-- RECORDS FOR THE TASK --
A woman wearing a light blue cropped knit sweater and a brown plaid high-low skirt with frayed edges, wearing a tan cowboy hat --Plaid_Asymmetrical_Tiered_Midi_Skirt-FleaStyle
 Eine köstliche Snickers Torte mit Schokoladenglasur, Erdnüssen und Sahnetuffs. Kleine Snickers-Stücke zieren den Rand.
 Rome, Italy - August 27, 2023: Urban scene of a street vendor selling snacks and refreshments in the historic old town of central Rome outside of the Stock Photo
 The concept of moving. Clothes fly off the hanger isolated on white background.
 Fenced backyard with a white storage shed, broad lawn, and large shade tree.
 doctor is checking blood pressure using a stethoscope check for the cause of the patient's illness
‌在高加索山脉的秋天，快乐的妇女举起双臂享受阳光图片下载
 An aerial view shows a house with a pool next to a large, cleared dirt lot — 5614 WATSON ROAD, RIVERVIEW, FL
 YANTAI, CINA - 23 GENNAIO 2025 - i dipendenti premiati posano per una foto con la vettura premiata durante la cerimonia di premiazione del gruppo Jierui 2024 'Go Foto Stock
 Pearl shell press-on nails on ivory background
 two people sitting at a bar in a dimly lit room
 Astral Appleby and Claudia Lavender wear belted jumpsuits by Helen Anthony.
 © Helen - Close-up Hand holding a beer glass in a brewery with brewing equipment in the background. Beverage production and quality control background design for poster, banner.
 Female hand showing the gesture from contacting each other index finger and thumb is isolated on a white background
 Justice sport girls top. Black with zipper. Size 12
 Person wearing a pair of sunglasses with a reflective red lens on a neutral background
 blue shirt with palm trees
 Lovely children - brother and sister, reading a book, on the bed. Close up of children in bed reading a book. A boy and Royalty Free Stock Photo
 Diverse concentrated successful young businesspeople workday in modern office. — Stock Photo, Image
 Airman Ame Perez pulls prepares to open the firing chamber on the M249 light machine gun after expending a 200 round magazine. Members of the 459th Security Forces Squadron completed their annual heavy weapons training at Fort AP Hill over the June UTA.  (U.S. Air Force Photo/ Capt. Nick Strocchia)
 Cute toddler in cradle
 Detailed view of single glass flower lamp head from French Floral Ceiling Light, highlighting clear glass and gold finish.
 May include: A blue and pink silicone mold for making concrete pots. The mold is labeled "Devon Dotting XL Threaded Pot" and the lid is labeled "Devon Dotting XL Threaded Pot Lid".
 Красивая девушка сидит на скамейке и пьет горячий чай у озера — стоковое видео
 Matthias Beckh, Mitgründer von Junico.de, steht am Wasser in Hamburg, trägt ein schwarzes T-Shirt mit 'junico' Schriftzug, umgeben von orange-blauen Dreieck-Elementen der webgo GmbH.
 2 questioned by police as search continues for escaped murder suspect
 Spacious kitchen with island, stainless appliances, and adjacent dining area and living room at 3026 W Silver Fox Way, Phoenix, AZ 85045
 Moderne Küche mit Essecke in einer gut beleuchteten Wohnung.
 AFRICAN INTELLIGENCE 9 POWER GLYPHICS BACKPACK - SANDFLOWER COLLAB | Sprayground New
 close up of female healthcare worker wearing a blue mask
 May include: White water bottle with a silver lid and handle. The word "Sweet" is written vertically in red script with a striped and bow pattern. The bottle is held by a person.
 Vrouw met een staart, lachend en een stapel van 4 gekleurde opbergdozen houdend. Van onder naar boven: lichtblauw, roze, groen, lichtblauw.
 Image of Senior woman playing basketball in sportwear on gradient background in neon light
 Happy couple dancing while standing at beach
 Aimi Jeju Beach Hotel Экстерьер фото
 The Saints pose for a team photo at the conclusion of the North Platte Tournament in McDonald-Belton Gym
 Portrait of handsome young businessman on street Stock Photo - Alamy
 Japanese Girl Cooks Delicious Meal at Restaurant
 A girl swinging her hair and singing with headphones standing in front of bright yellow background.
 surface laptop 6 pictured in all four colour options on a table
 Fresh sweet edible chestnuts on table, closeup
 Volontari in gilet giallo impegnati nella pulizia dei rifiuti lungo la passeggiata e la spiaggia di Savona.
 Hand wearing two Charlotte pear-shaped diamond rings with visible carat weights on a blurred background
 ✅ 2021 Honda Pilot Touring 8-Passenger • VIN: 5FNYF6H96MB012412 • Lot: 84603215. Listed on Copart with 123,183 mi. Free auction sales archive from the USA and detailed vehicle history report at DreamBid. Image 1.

-- WHAT IS REQUIRED --
Go through the data line by line and say how many lines contain "view". Give the number alone.

-- RESPONSE TO THE EXERCISE --
2